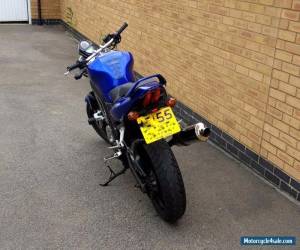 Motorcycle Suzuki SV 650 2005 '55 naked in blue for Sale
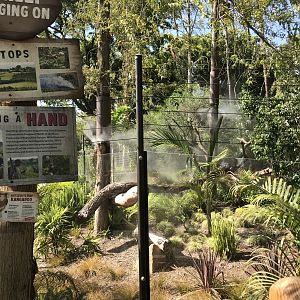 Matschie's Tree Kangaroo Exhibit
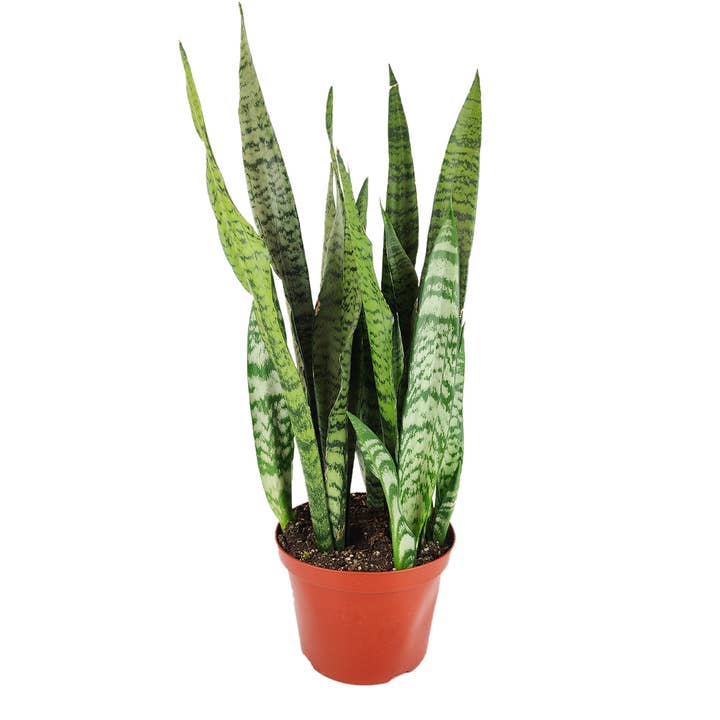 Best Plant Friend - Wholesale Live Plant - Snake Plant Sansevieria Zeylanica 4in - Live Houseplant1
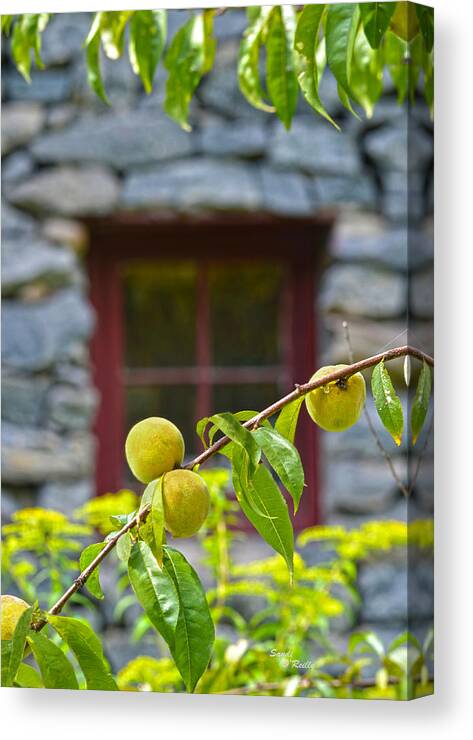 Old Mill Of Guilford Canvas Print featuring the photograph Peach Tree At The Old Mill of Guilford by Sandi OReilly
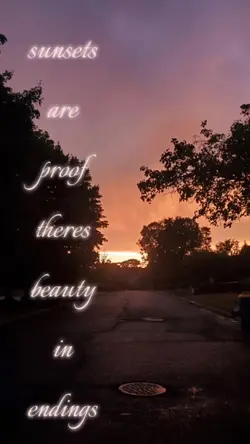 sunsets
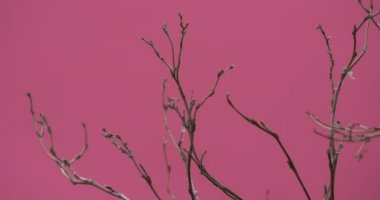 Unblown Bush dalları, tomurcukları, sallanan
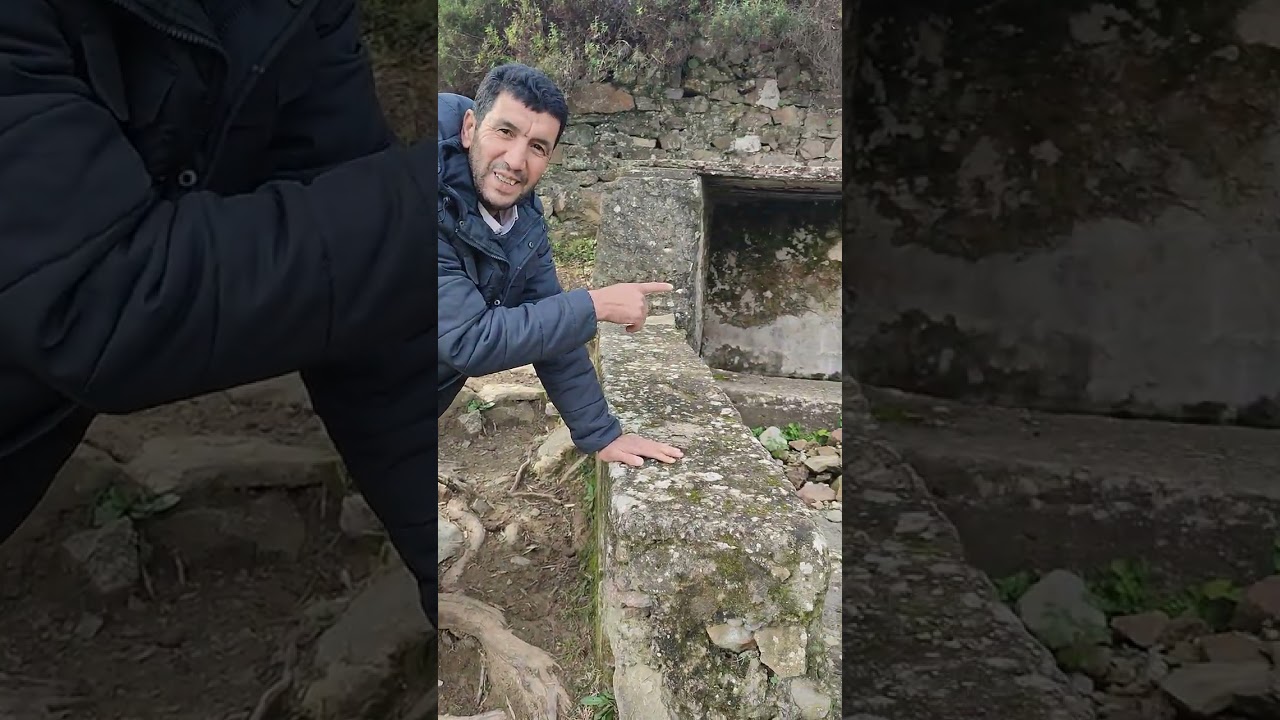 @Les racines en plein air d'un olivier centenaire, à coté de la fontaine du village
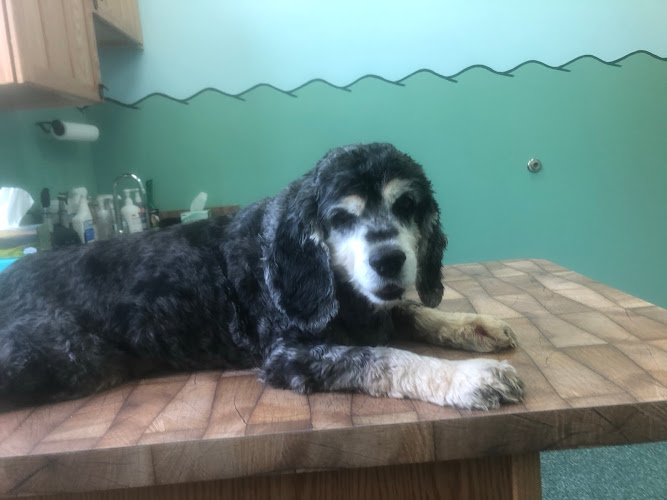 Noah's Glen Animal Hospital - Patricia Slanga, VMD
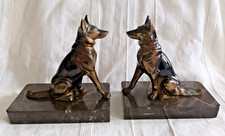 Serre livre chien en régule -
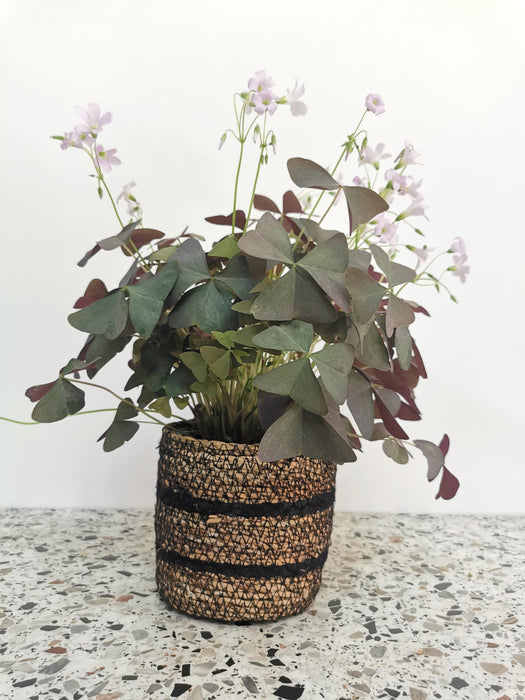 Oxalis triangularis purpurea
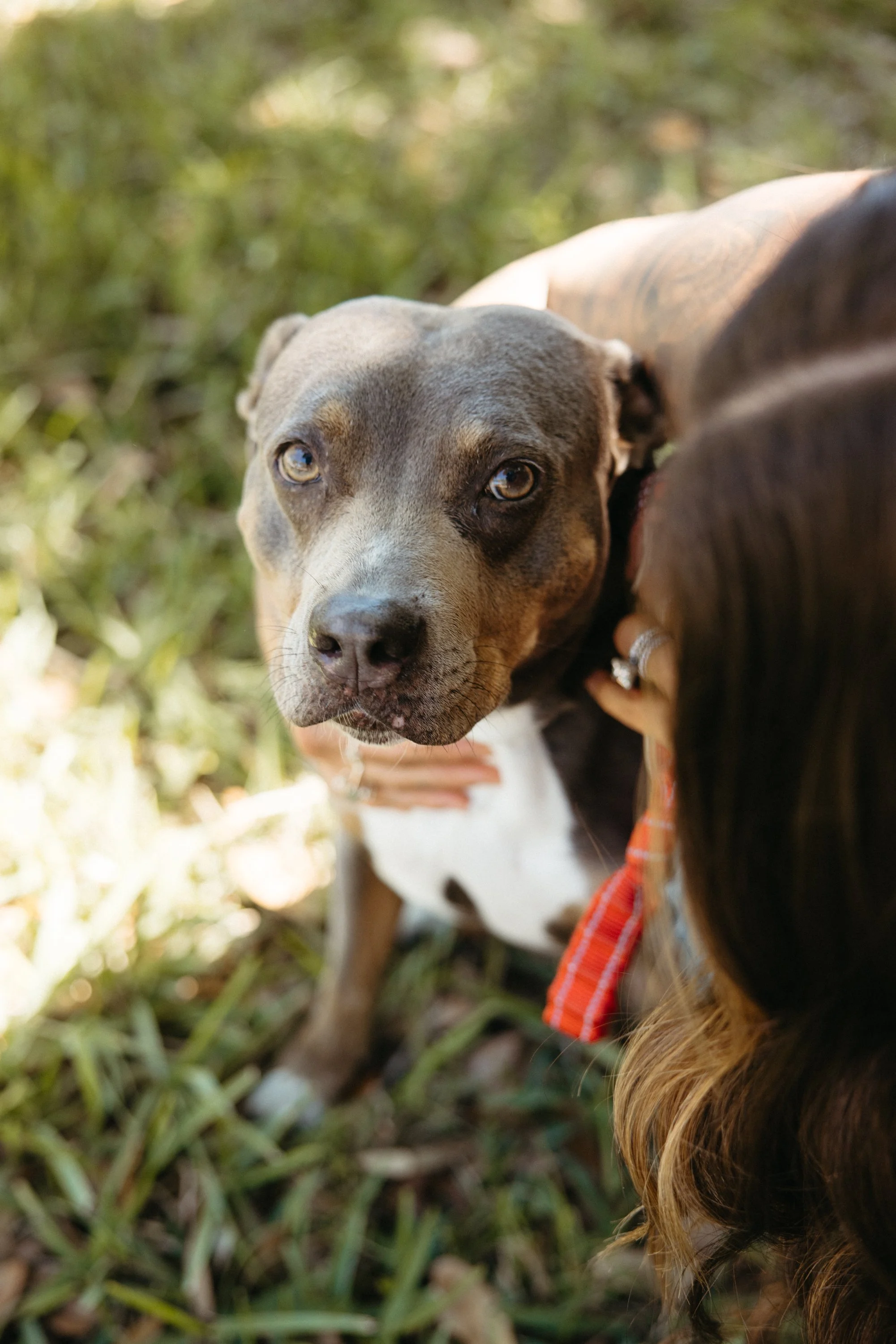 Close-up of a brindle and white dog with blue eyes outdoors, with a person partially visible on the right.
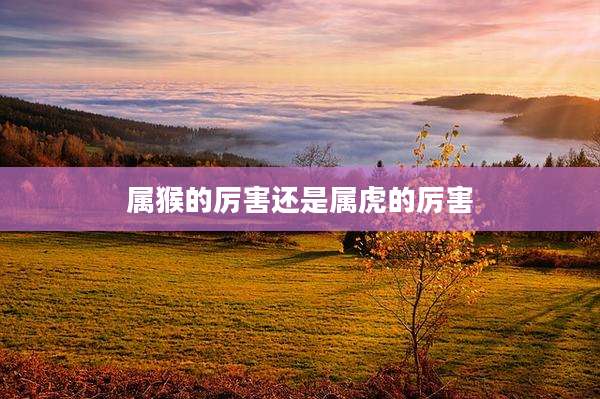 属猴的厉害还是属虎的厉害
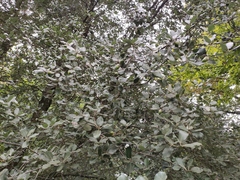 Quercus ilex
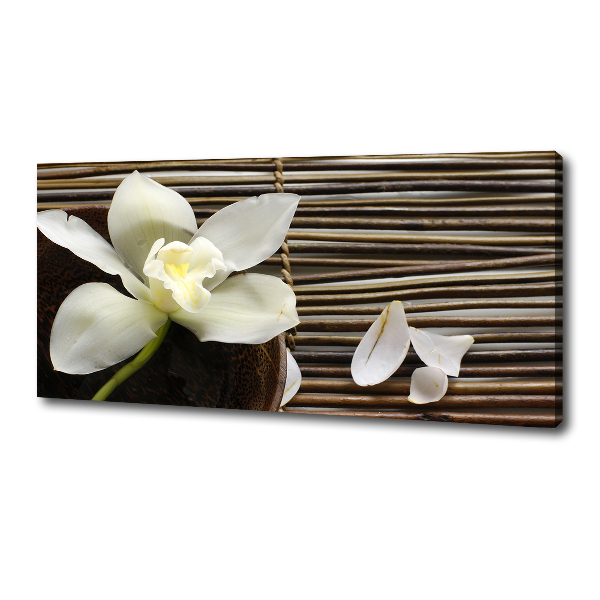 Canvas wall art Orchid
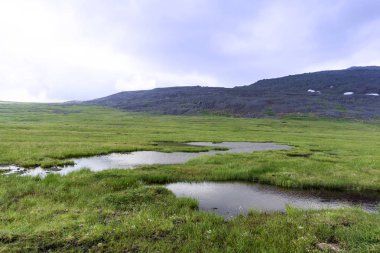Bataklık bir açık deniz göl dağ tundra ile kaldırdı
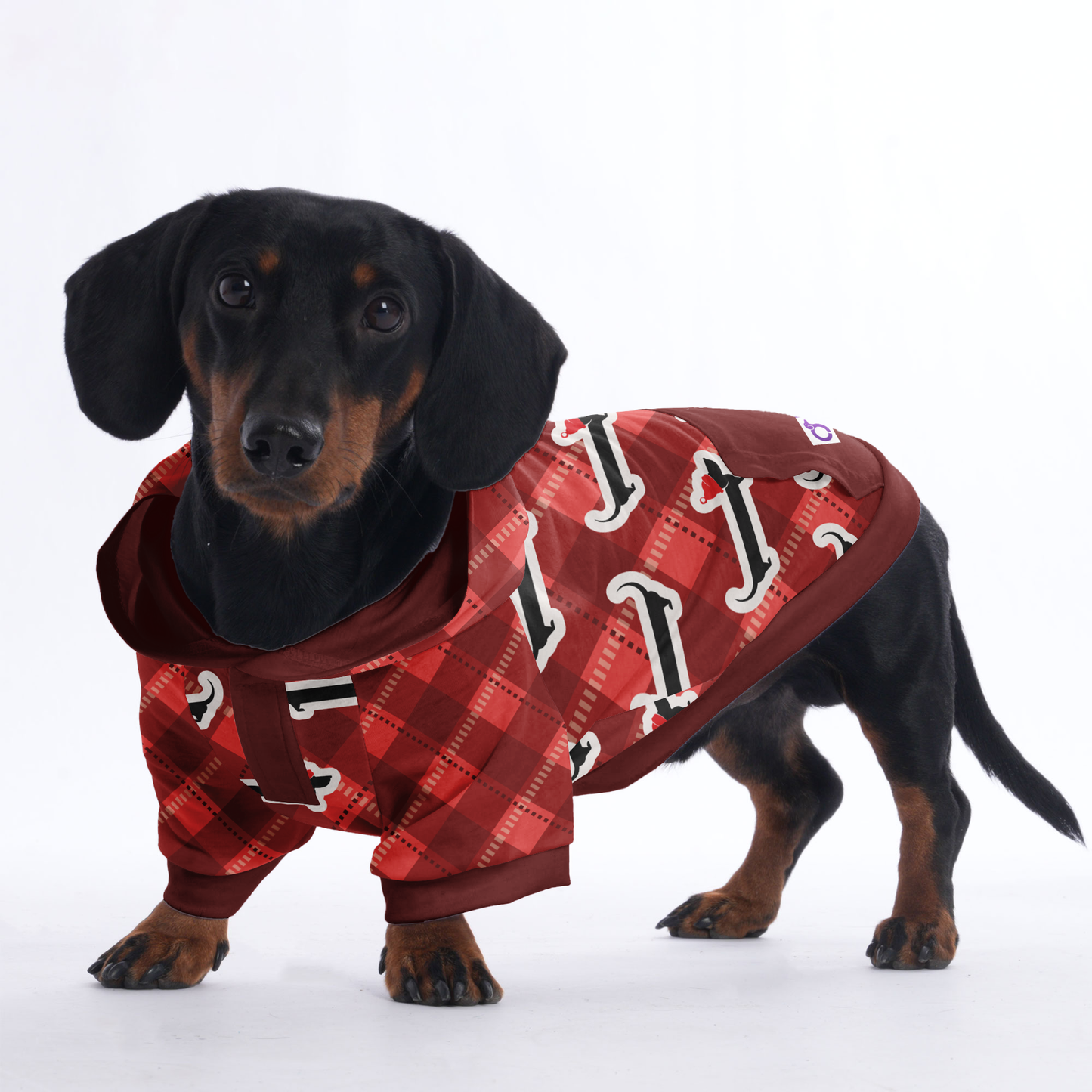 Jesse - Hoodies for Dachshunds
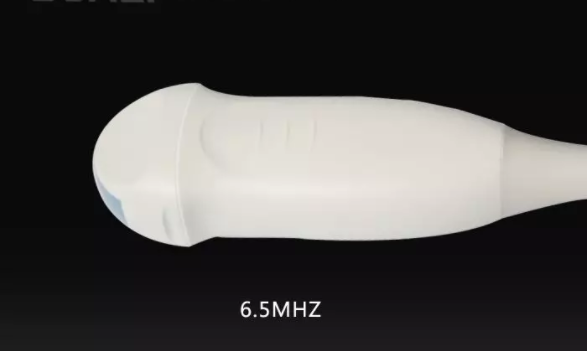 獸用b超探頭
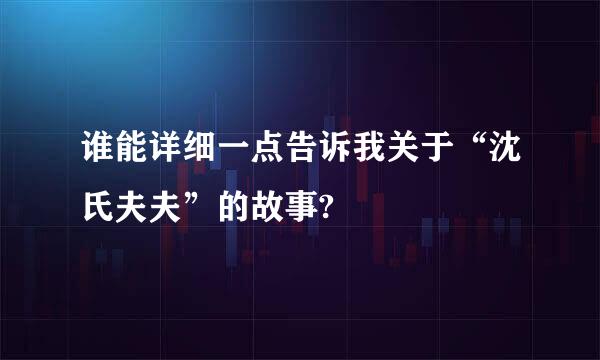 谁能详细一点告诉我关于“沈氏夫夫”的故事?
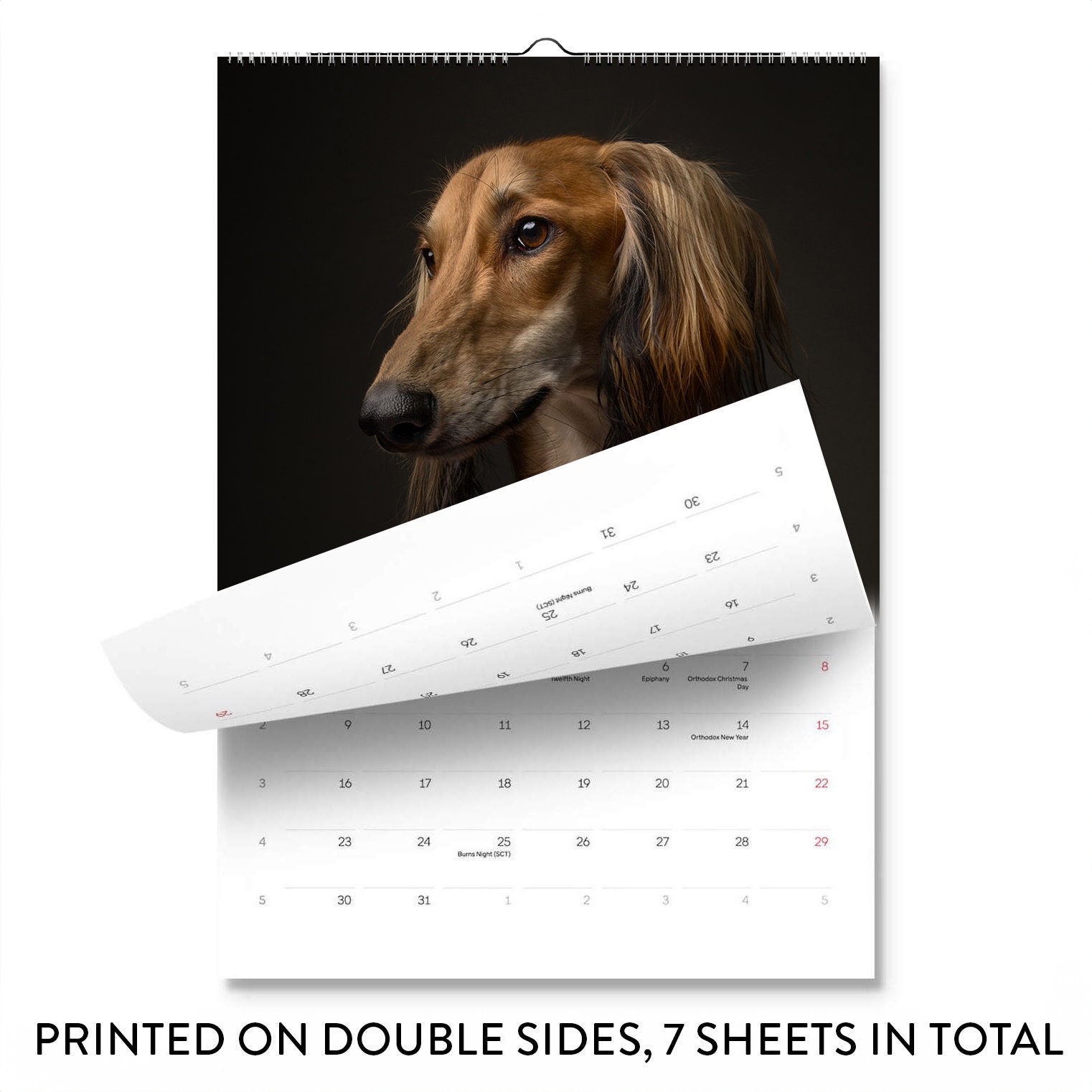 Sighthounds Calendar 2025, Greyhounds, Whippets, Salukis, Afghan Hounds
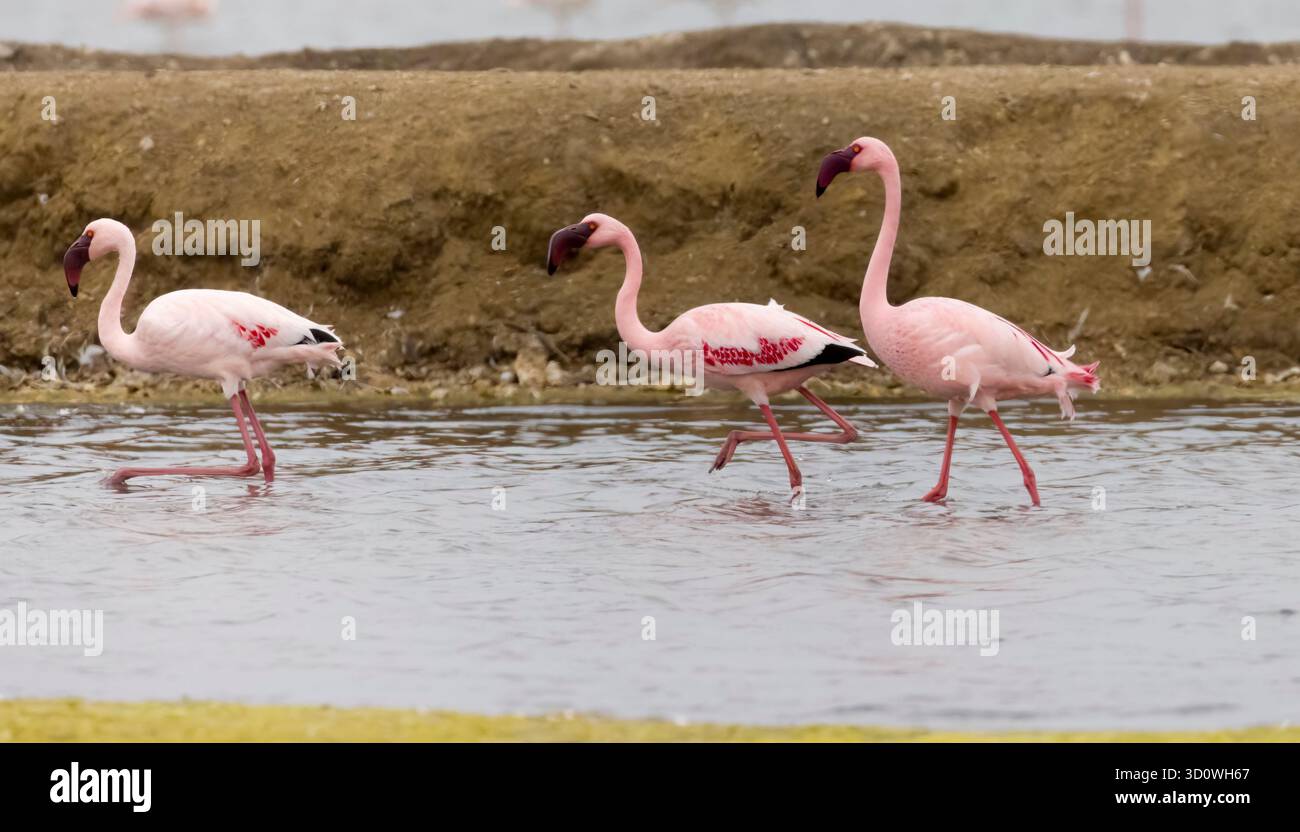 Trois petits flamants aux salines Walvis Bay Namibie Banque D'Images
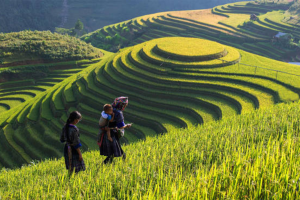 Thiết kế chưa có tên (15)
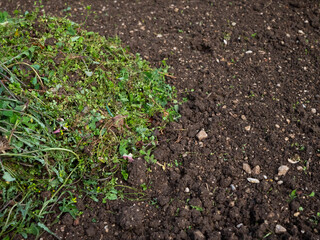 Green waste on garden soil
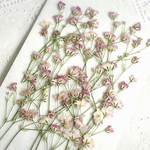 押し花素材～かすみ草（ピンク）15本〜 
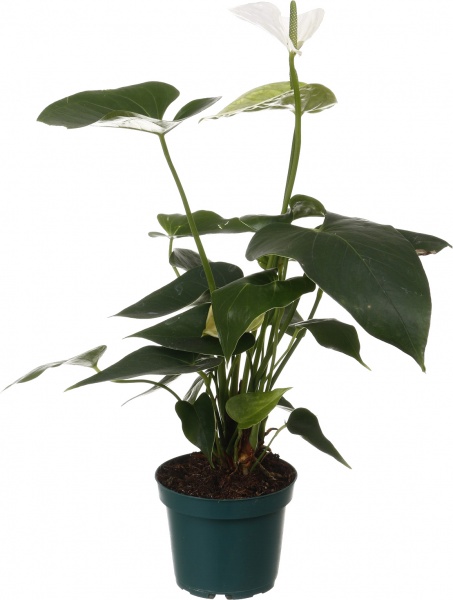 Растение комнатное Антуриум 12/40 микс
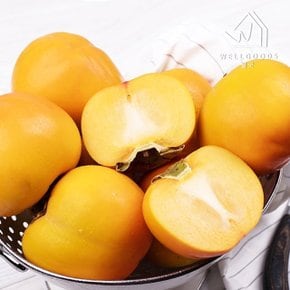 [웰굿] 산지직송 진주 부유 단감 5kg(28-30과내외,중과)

::::

» **WHAT NEEDS TO BE DONE**:
Transcribe exactly the lines above, running from the one that contains "Serre livre chien" through the final line of the listing, and skip every picture.

» **EXPECTED ANSWER**:
 Serre livre chien en régule -
 Oxalis triangularis purpurea
 Close-up of a brindle and white dog with blue eyes outdoors, with a person partially visible on the right.
 属猴的厉害还是属虎的厉害
 Quercus ilex
 Canvas wall art Orchid
Bataklık bir açık deniz göl dağ tundra ile kaldırdı
 Jesse - Hoodies for Dachshunds
 獸用b超探頭
 谁能详细一点告诉我关于“沈氏夫夫”的故事?
 Sighthounds Calendar 2025, Greyhounds, Whippets, Salukis, Afghan Hounds
 Trois petits flamants aux salines Walvis Bay Namibie Banque D'Images
 Thiết kế chưa có tên (15)
 Green waste on garden soil
 押し花素材～かすみ草（ピンク）15本〜 
 Растение комнатное Антуриум 12/40 микс
 [웰굿] 산지직송 진주 부유 단감 5kg(28-30과내외,중과)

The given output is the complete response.